ACTIVITY: Return exactly the lines from the one containing "Xế hộp bơi trong" through the last line of the records below, both included, and leave out any pictures.

Caption-style text data

☆ ☆ ☆ ☆ ☆ ☆ ☆

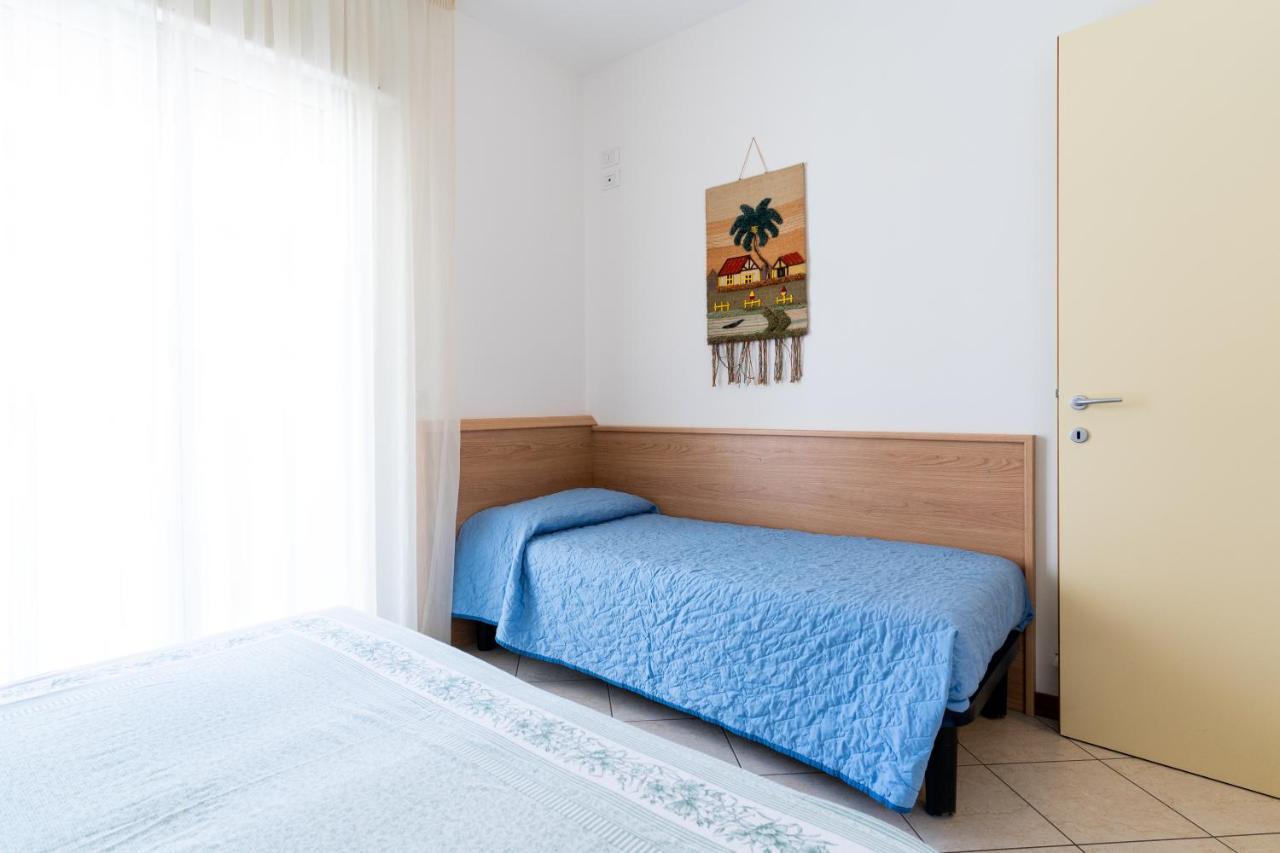 Ca' Mira Apartments Caorle Exterior foto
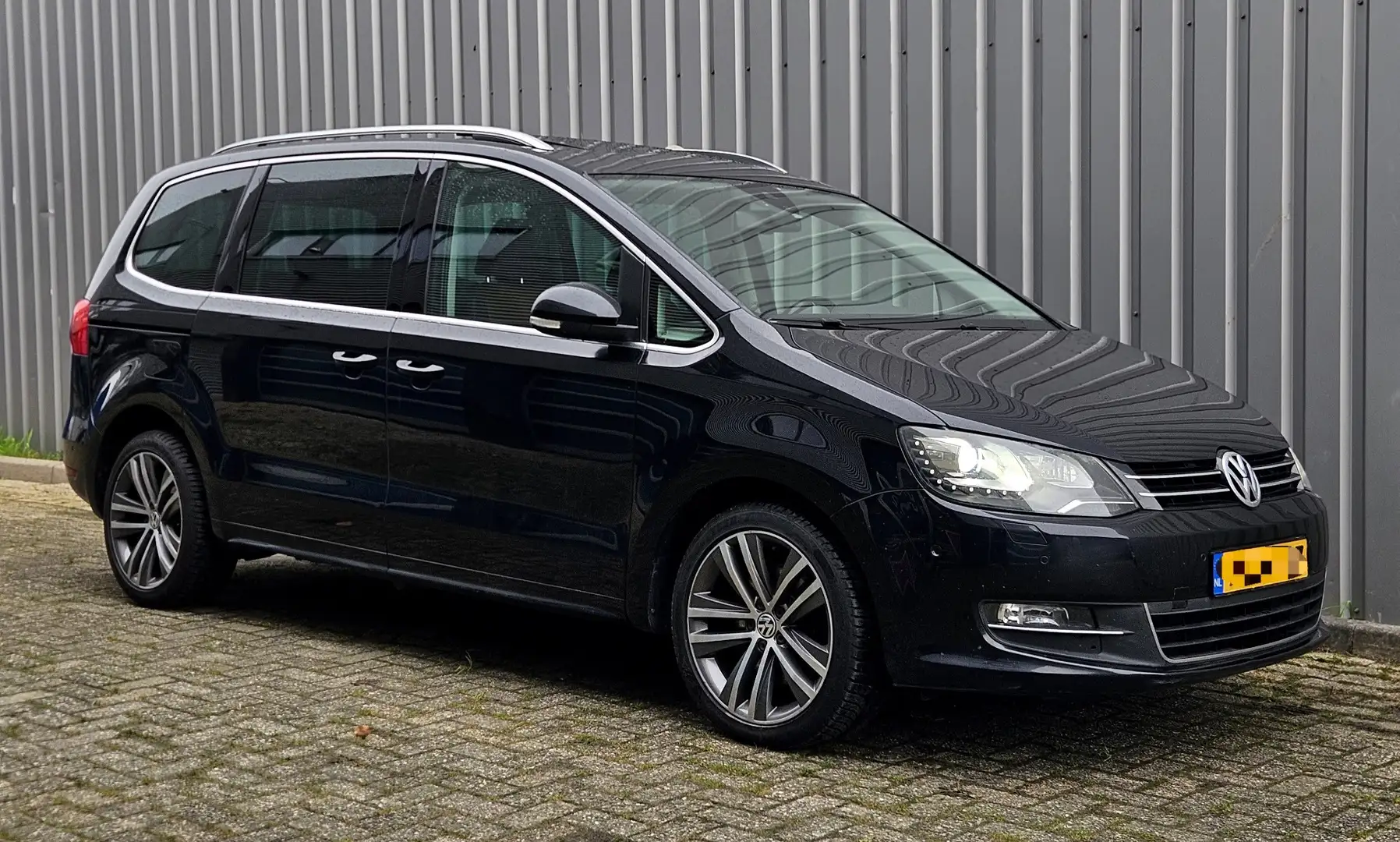 Volkswagen Sharan 2.0 TDI DSG Blue Motion Highline - 2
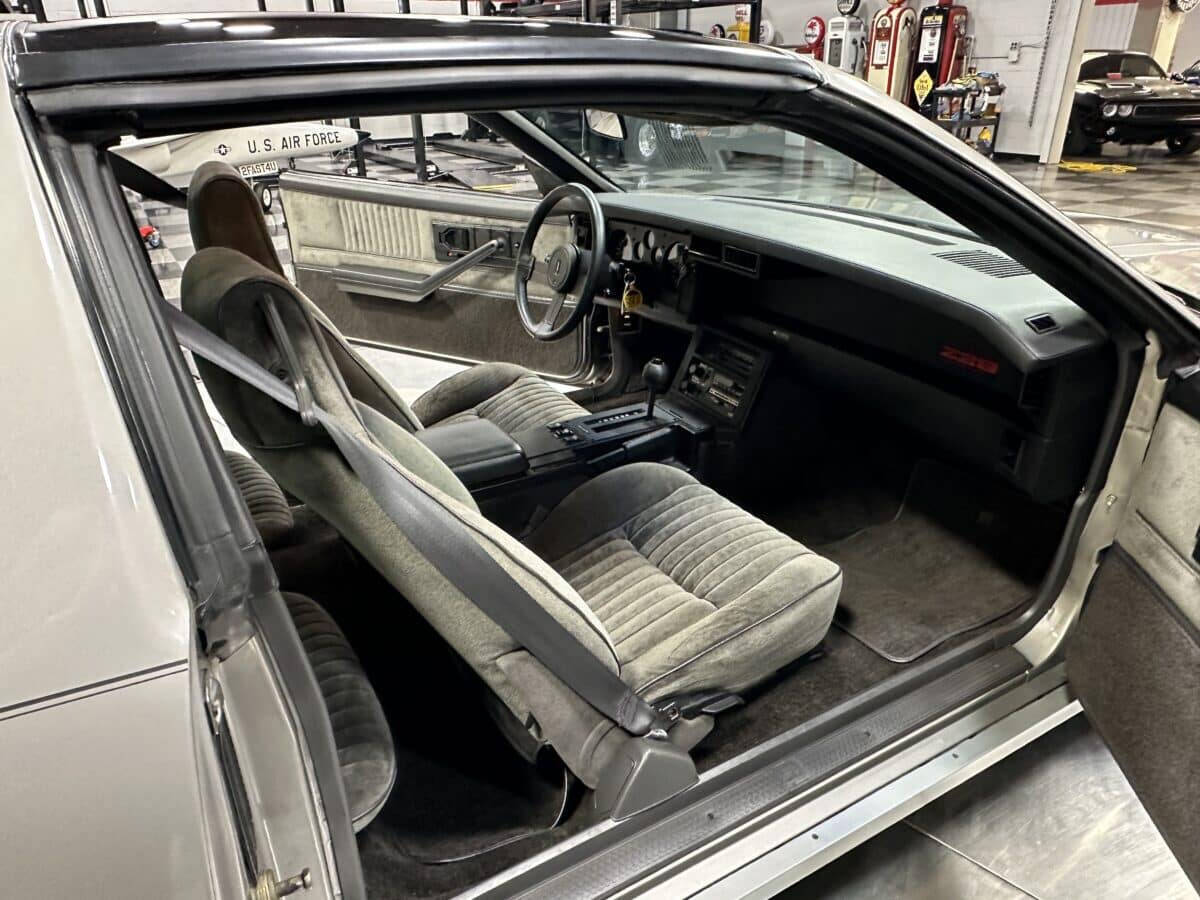 1983 Chevrolet Camaro 21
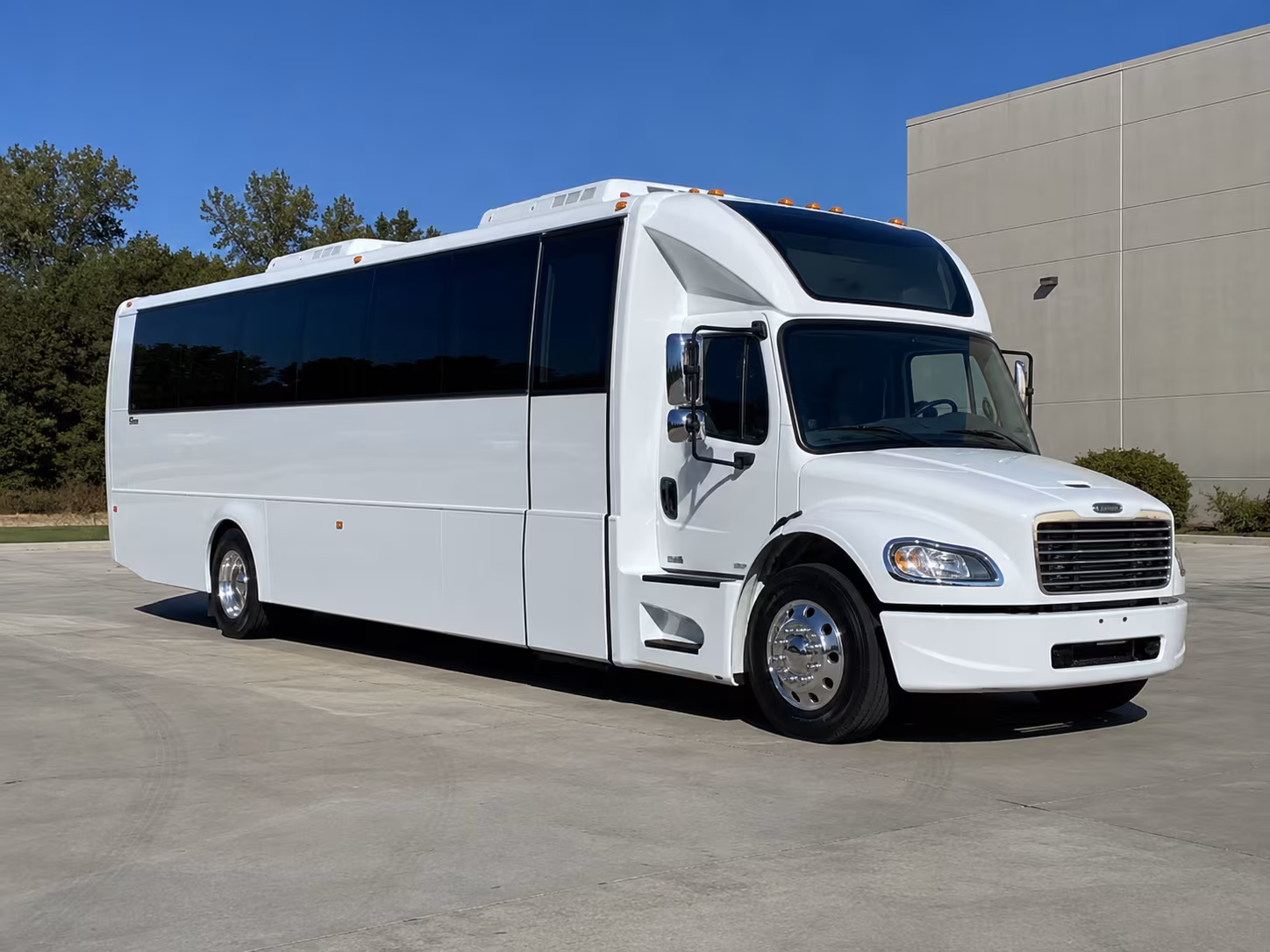 Overland Park Prom & Homecoming Transportation group transportation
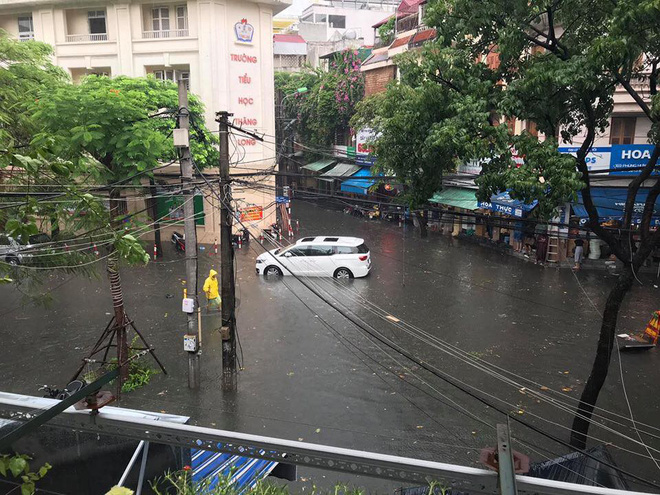 Xế hộp bơi trong 'bể nước' Hà thành sau cơn mưa lớn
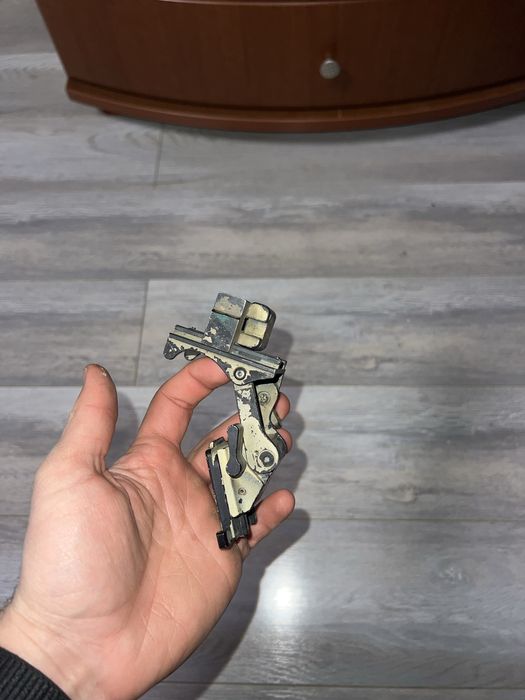 Кріплення для прибору нічного баченння Rhino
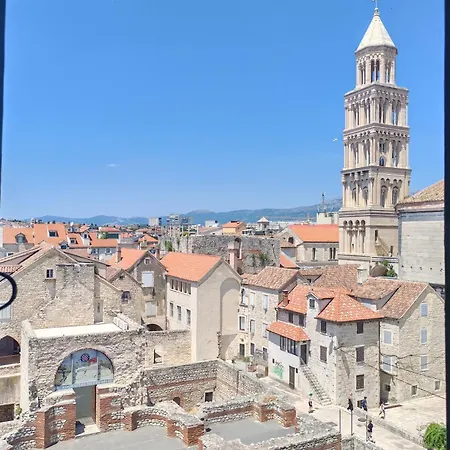Diocletian Tower - Bella Vista & Palazzo *
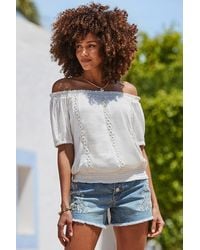Sosandar - Light Wash Embroidered Floral Raw Edge Denim Shorts - Lyst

☆ ☆ ☆ ☆ ☆ ☆ ☆

WRITTEN RESPONSE:
 Xế hộp bơi trong 'bể nước' Hà thành sau cơn mưa lớn
 Кріплення для прибору нічного баченння Rhino
Diocletian Tower - Bella Vista & Palazzo *
Sosandar - Light Wash Embroidered Floral Raw Edge Denim Shorts - Lyst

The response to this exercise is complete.